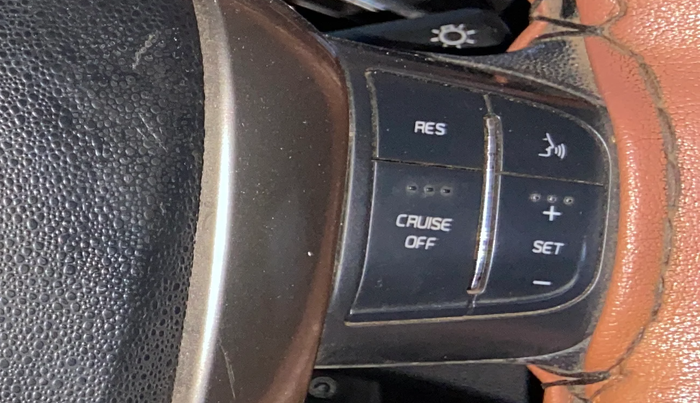 2020 Mahindra XUV500 W7, Diesel, Manual, 30,379 km, Adaptive Cruise Control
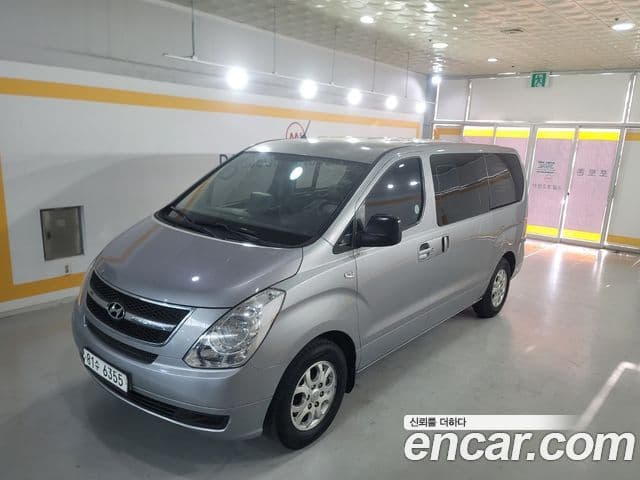 Hyundai Grand Starex CVX Deluxe, 2012 1
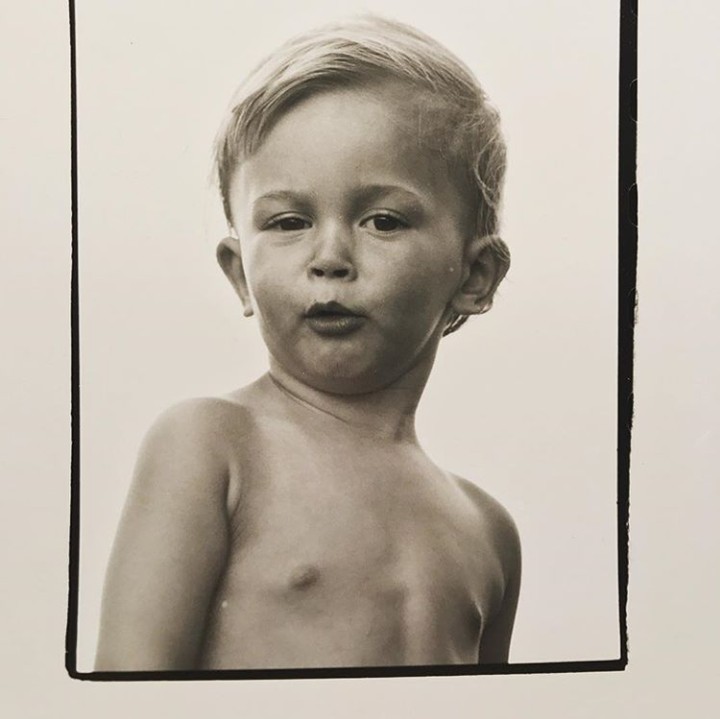 <p>Nih kalau kayak gini mirip banget anak laki-laki ya. (Foto: Instagram @haileybaldwin)</p>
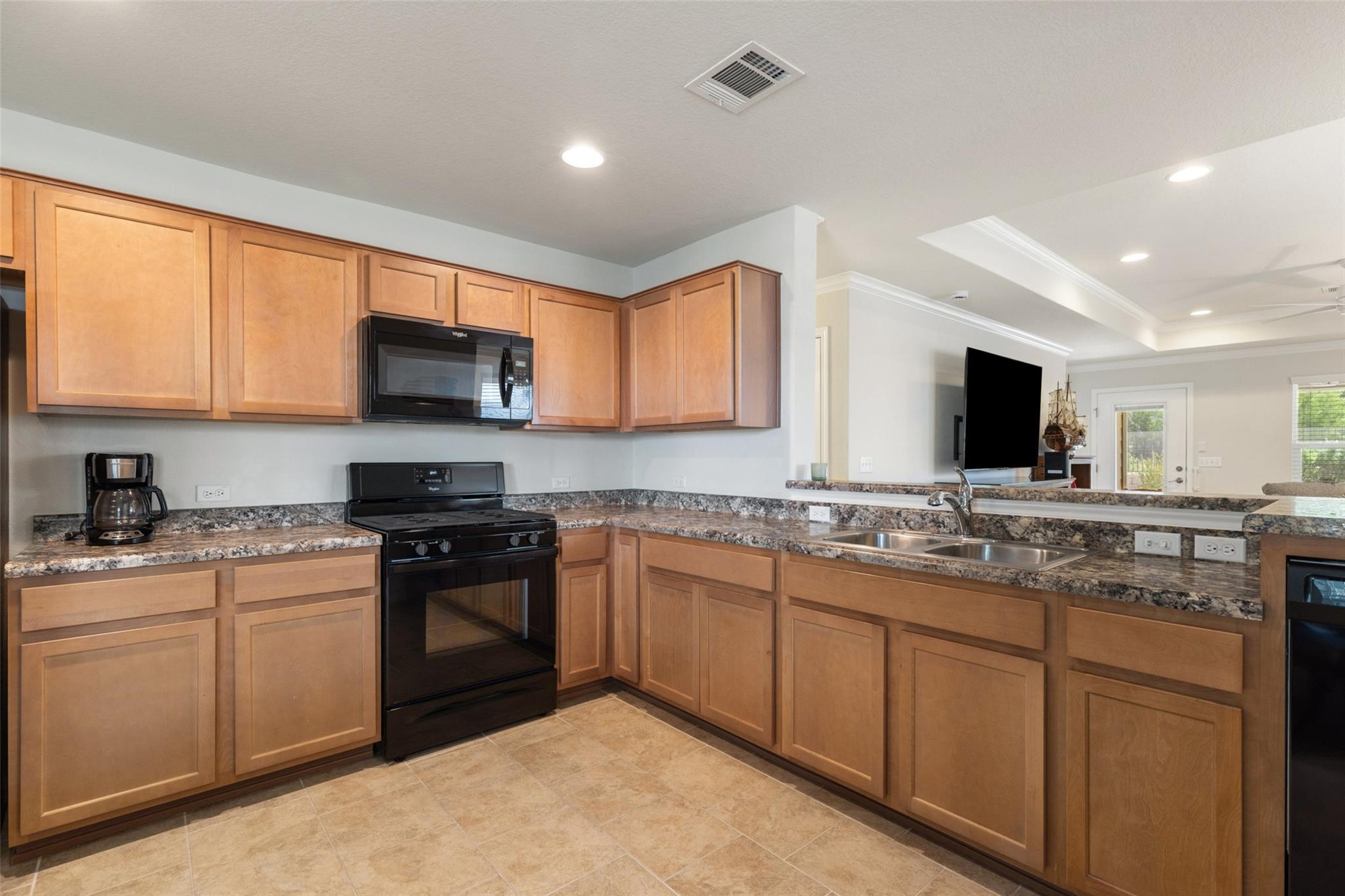 233 N Hobby St, Georgetown, TX 78633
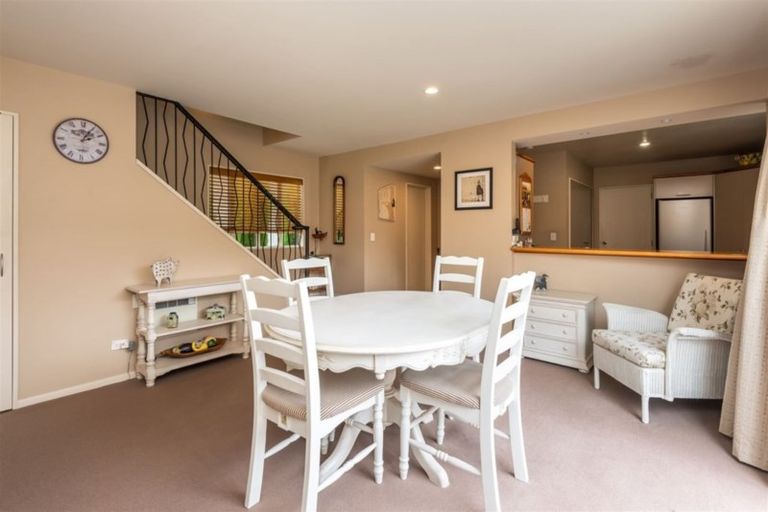 Photo of property in 43 Carlton Mill Road, Merivale, Christchurch, 8014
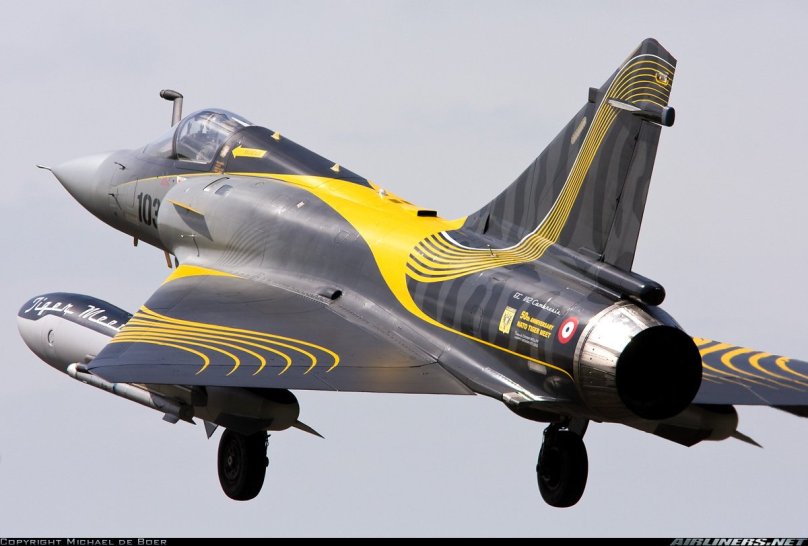 Истребитель Mirage 2000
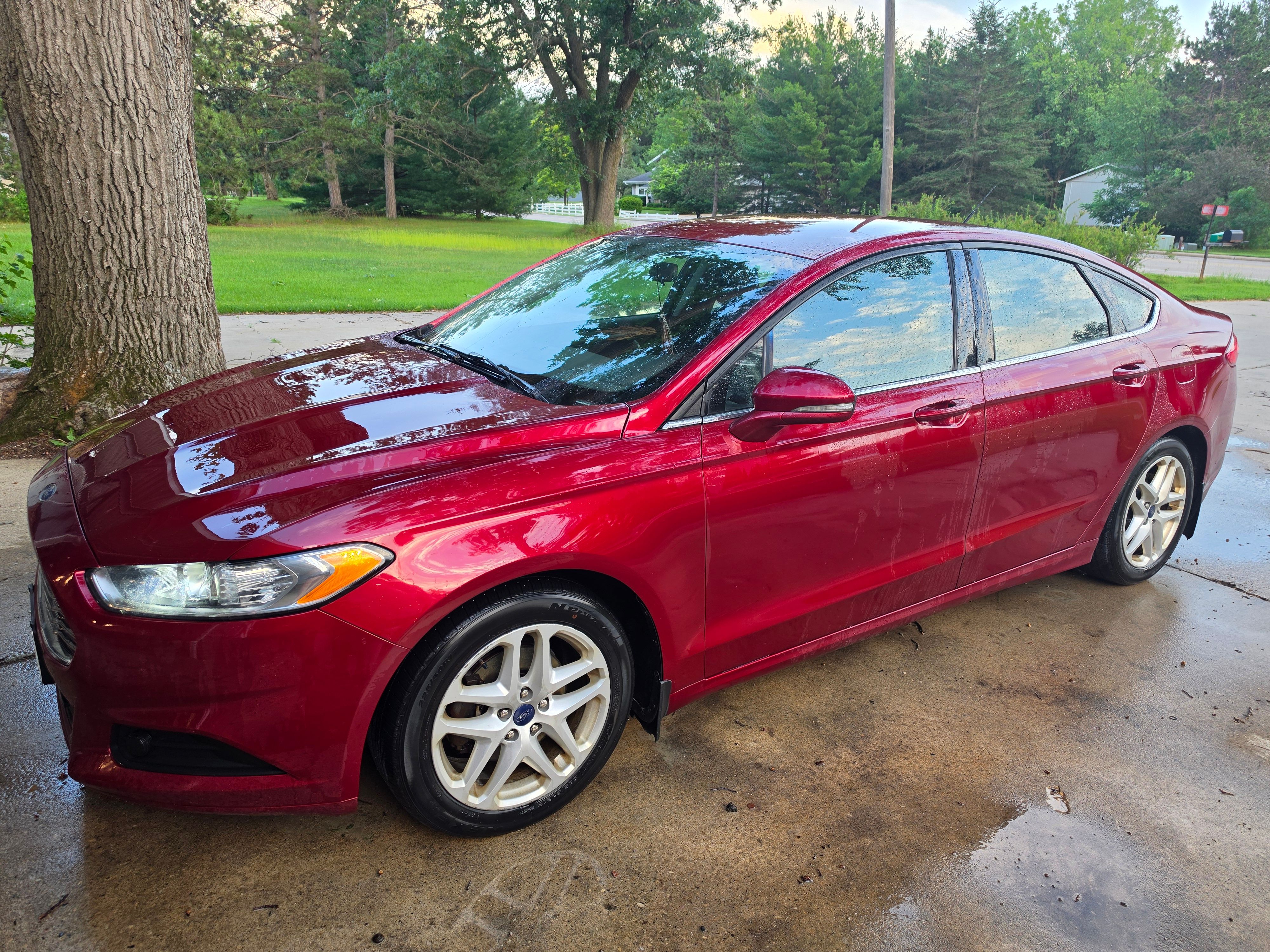 Used 2016 Ford Fusion SE FWD image 23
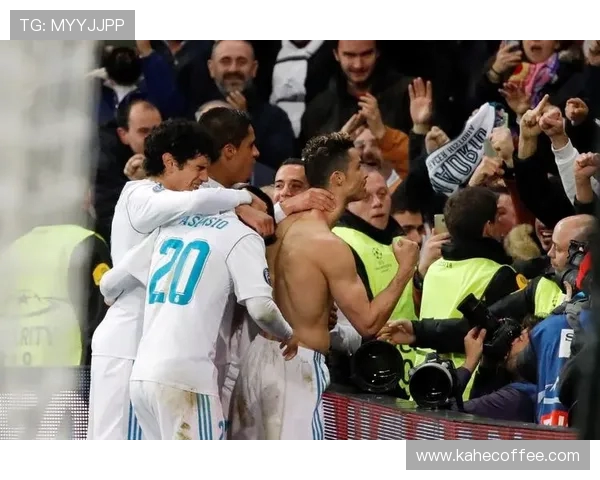 阿仙奴与曼城激战正酣比分揭晓球迷热议精彩瞬间 阿仙奴与曼城激战正酣比分揭晓球迷热议精彩瞬间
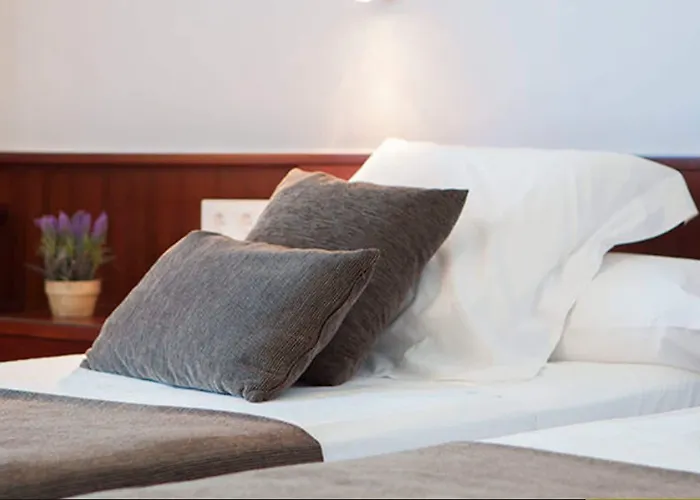 Emporda Hotel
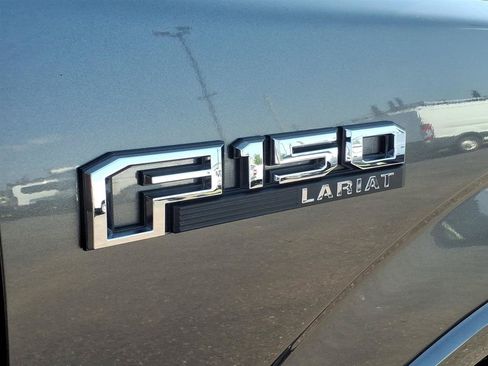 Used 2019 Ford F150 Lariat w/ Equipment Group 502A Luxury AWD/4WD image 28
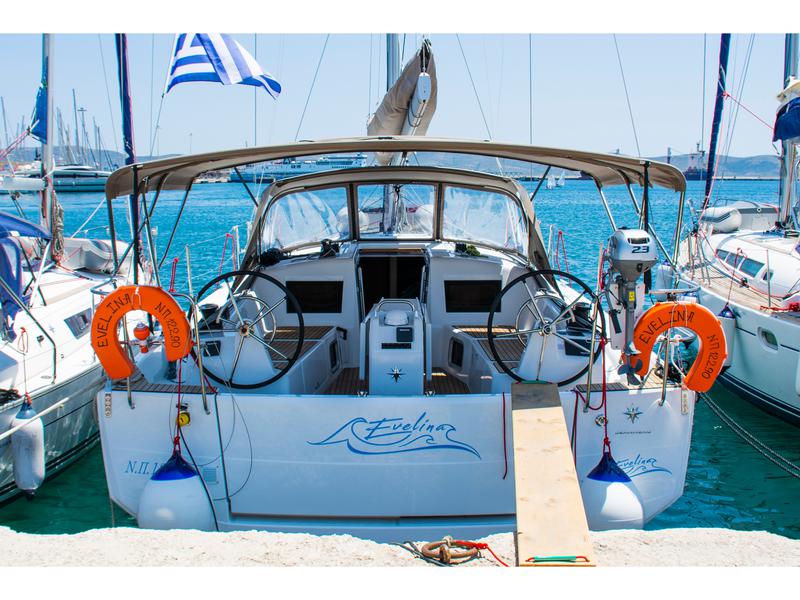 Book yachts online - sailboat - Sun Odyssey 410 - Evelina - rent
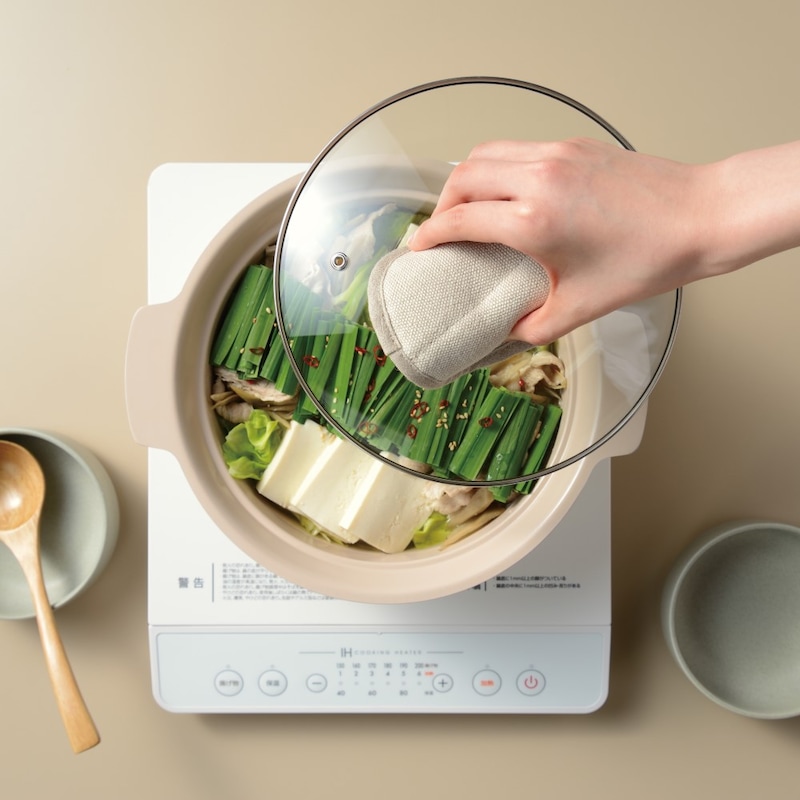 調理中の様子が見えるガラス蓋付き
++++++++++
**TASK DIRECTIONS**. Could you transcribe exactly the lines from the line containing "Истребитель Mirage 2000" through the final line of the records, both included, and nothing beyond them? The pictures should be left out.

**RESPONSE TO THIS EXERCISE**.
 Истребитель Mirage 2000
 Used 2016 Ford Fusion SE FWD image 23
 阿仙奴与曼城激战正酣比分揭晓球迷热议精彩瞬间 阿仙奴与曼城激战正酣比分揭晓球迷热议精彩瞬间
 Emporda Hotel
 Used 2019 Ford F150 Lariat w/ Equipment Group 502A Luxury AWD/4WD image 28
 Book yachts online - sailboat - Sun Odyssey 410 - Evelina - rent
 調理中の様子が見えるガラス蓋付き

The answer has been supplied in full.